Working with her bipartisan allies and with Democratic leaders who want to make sure the bill does not raise objections from pro-life Democrats, DeGette has not resolved all details of the measure. But “the stars are pretty well aligned,” she said. “This is a positive wedge issue. Supporters can use it in an election because there is strong public support and its opponents look extreme.

I refer DeGette’s colleagues back to the Rasmussen poll. Interestingly, the poll indicates Americans don’t have such a moral issue with escr as a fiscal issue with spending their tax dollars on it.
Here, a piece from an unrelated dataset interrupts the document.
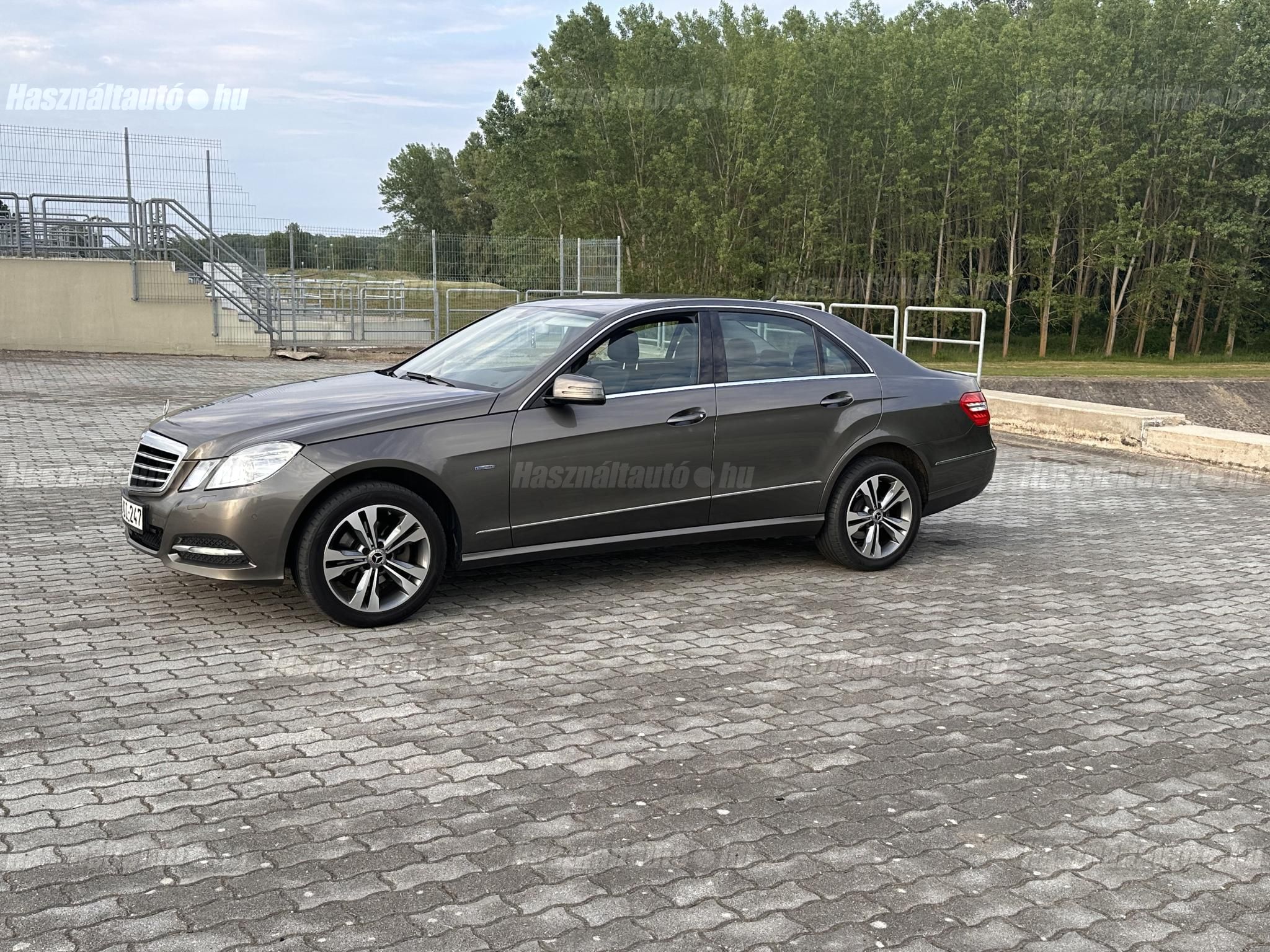 MERCEDES-BENZ E 220 2011/10 - 1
So people are not now arguing about whether embryos are human and even if so whether it would be for the greater good to experiment on them. They’re saying it’s fiscally irresponsible right now to throw money at it, since we have none. (“They” being the critical independent vote.) And so, in fact, public funded escr is a negative wedge issue that enjoys overwhelming public opposition.

As for DeGette’s “bipartisan allies,” way down in Cohen’s piece, in the 2nd-to-last paragraph, we learn those amount to a whopping 2:

DeGette has worked closely with Rep. Mike Castle (R-DE) and cites the bipartisan support for her bill. But the 51 cosponsors include only 2 Republicans: Castle and Mark Kirk (R-IL). Coincidentally, both are running for the Senate.
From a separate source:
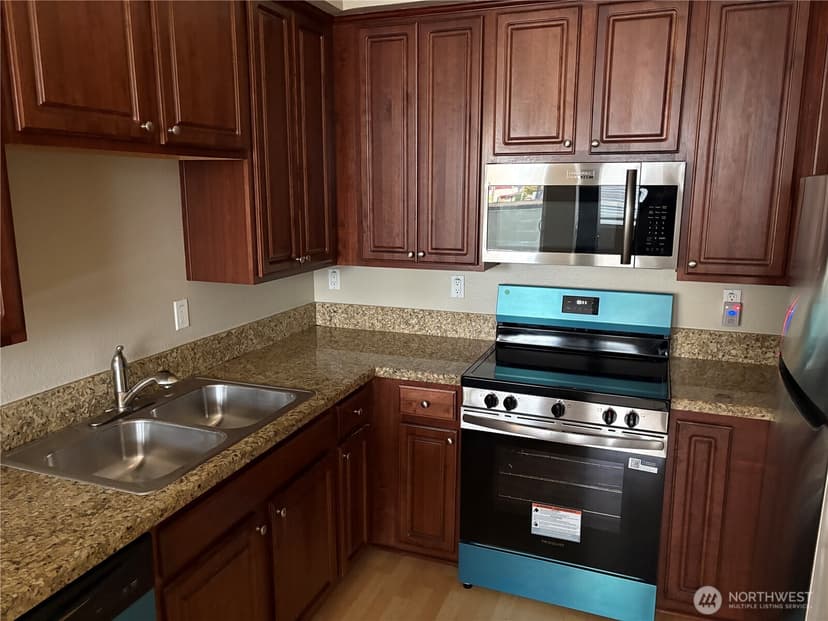 Property photo for 225 Logan Avenue S #111, Renton photo 21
Currently Kirk is losing in the polls to his Democrat counterpart with absolutely zero conservative support. His support of this issue puts him in the negative-zero range, meaning he should begin to anticipate cat calls at rallies.
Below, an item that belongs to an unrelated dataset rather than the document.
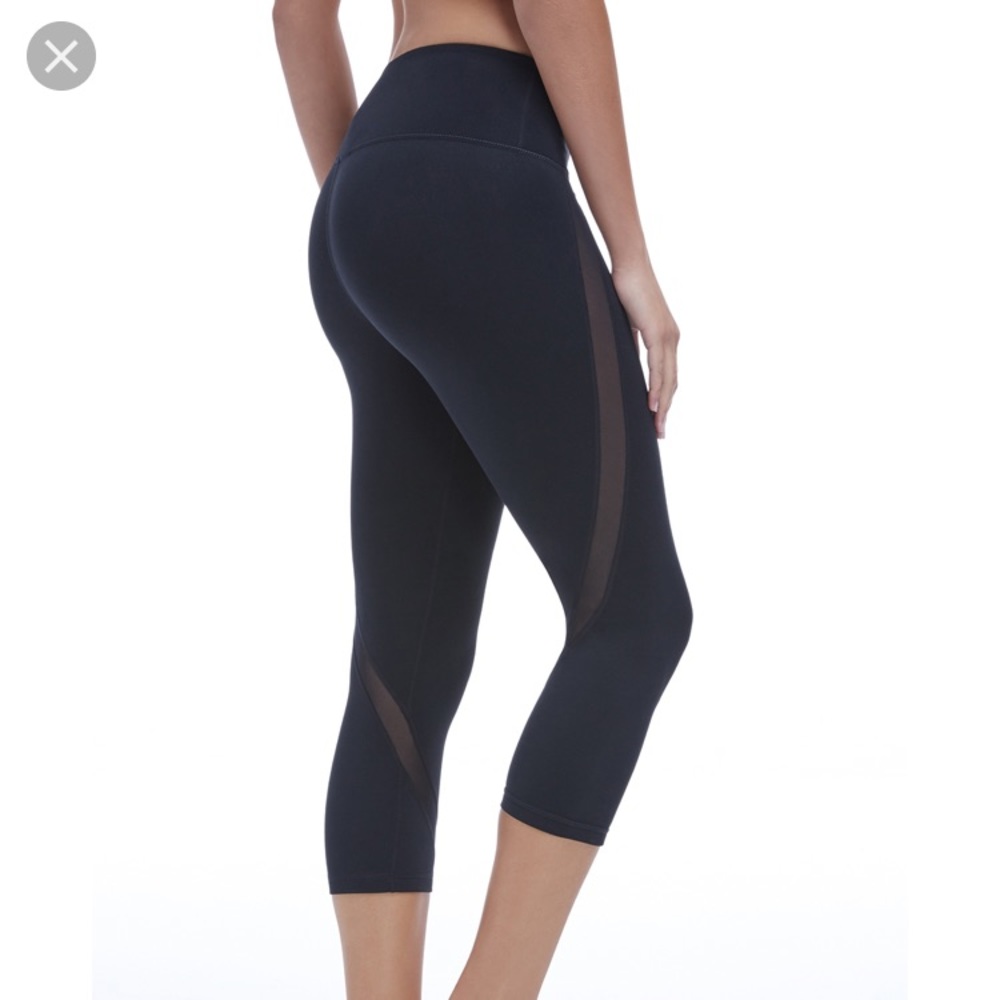 Fabletics Corfu Crop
Meanwhile Castle is much in the news as a Tea Party primary target, with he and DE Republican leaders “scrambling to prevent the possibility” of a “seismic upset.”  Daily Kos reported August 30 that with conservative Christine O’Donnell breathing down Castle’s neck, a debate over public-funded escr “puts Castle in a spot.” I expect Castle is wishing right about now DeGette would shut up and go away.

I equally expect pro-life Democrats – you know, the ones our groups are targeting and beating for supporting Obamacare – are privately telling DeGette the same thing.

To help them along: Call your congressperson today and tell him or her to oppose DeGette’s bill or any measure authorizing taxpayer funding of escr.